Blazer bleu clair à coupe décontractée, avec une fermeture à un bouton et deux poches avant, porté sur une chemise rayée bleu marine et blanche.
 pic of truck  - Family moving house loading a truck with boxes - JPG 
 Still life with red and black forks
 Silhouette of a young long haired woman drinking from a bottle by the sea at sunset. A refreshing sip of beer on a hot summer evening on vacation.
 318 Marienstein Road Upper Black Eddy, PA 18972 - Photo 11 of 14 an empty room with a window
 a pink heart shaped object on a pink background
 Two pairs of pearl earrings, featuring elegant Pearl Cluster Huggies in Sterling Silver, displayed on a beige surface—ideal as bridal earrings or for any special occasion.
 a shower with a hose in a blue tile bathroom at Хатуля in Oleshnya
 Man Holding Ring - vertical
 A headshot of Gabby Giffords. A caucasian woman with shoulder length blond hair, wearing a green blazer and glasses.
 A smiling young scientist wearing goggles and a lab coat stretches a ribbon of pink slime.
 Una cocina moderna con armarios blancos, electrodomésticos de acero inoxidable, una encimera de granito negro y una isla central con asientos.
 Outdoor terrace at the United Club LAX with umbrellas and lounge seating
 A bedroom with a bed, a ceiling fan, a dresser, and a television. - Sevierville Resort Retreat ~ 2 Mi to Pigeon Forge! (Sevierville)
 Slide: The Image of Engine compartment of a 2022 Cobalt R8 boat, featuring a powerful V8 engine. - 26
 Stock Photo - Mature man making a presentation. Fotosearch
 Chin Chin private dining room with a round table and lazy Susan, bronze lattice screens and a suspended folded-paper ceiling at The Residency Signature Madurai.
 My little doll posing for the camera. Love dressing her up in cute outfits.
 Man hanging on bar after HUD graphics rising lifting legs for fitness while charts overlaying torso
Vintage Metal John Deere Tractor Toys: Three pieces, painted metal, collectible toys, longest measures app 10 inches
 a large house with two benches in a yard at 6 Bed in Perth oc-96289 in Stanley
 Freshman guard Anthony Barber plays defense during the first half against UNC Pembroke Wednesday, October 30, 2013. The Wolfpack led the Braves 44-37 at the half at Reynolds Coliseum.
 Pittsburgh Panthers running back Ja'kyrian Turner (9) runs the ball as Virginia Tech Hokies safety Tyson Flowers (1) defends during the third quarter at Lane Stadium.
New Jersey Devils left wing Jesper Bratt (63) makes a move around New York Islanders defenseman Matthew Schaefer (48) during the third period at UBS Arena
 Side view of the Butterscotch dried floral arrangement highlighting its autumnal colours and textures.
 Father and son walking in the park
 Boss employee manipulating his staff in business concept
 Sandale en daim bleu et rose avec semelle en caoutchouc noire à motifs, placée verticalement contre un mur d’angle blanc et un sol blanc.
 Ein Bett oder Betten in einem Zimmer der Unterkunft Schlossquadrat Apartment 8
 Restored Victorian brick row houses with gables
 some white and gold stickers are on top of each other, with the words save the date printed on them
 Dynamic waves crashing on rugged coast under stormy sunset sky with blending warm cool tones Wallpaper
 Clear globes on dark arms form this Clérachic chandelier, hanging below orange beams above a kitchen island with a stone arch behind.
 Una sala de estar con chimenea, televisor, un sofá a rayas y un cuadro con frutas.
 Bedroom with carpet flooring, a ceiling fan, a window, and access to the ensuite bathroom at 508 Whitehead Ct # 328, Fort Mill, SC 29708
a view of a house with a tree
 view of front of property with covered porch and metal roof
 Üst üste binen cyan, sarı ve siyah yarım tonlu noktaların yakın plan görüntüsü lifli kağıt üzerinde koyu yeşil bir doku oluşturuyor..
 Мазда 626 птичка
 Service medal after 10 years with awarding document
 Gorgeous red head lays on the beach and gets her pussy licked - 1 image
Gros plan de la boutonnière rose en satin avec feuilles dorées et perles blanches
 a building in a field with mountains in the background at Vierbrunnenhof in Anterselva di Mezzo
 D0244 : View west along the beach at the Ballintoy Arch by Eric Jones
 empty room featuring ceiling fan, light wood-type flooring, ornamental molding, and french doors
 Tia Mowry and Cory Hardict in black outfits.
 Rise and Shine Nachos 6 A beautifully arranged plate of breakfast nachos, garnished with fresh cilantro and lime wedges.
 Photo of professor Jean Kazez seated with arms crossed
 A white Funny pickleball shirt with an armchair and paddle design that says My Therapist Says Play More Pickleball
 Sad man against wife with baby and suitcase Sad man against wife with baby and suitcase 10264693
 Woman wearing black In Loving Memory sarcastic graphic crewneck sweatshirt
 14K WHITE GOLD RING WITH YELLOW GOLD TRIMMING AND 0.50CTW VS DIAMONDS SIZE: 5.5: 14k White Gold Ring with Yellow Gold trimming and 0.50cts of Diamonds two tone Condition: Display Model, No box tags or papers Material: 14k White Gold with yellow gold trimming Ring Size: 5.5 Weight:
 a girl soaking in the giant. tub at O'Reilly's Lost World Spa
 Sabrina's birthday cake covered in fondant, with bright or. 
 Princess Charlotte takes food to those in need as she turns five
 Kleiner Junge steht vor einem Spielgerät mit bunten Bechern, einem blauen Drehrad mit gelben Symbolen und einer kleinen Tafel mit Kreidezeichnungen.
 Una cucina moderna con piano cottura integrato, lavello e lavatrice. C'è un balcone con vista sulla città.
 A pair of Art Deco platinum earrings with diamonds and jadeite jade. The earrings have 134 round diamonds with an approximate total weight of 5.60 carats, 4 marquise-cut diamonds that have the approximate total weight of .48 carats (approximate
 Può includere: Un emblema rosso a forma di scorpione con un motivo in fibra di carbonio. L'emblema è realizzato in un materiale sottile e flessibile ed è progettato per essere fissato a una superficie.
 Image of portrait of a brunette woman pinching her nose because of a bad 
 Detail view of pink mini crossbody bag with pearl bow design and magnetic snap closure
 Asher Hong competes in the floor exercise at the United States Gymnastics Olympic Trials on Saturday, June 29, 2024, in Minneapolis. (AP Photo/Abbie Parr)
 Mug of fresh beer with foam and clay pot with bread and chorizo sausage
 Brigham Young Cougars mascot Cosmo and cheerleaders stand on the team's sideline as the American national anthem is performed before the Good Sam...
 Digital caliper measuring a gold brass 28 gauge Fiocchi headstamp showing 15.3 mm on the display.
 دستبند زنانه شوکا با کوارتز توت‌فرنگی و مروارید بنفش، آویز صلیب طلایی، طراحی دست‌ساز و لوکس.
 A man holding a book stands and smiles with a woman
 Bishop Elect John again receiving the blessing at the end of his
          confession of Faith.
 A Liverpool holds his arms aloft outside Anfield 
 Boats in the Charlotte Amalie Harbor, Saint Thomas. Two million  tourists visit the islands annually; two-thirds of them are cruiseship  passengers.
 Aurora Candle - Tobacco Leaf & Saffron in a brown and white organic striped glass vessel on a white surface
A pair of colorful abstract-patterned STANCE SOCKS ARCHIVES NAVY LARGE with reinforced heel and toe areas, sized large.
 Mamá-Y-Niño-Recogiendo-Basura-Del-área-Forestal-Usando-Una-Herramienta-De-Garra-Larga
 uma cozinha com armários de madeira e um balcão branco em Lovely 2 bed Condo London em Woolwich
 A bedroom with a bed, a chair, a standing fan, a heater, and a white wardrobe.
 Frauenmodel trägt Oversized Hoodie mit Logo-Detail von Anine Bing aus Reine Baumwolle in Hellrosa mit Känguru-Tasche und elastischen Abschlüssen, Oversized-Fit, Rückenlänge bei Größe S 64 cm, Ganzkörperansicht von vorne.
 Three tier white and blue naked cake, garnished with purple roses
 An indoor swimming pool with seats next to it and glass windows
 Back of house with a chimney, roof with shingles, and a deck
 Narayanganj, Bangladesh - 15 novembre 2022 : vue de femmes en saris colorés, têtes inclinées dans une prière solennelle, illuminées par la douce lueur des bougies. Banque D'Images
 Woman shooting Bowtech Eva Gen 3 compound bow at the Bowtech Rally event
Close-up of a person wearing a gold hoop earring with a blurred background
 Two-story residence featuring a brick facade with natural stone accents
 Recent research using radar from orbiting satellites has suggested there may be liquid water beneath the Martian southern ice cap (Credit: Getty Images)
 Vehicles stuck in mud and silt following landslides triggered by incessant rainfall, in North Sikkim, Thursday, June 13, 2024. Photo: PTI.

WHAT TO PRODUCE:
Please copy the lines in the records above between the one holding "empty room featuring" and the one holding "A white Funny", inclusive, exactly and with no other line.

EXPECTED ANSWER:
 empty room featuring ceiling fan, light wood-type flooring, ornamental molding, and french doors
 Tia Mowry and Cory Hardict in black outfits.
 Rise and Shine Nachos 6 A beautifully arranged plate of breakfast nachos, garnished with fresh cilantro and lime wedges.
 Photo of professor Jean Kazez seated with arms crossed
 A white Funny pickleball shirt with an armchair and paddle design that says My Therapist Says Play More Pickleball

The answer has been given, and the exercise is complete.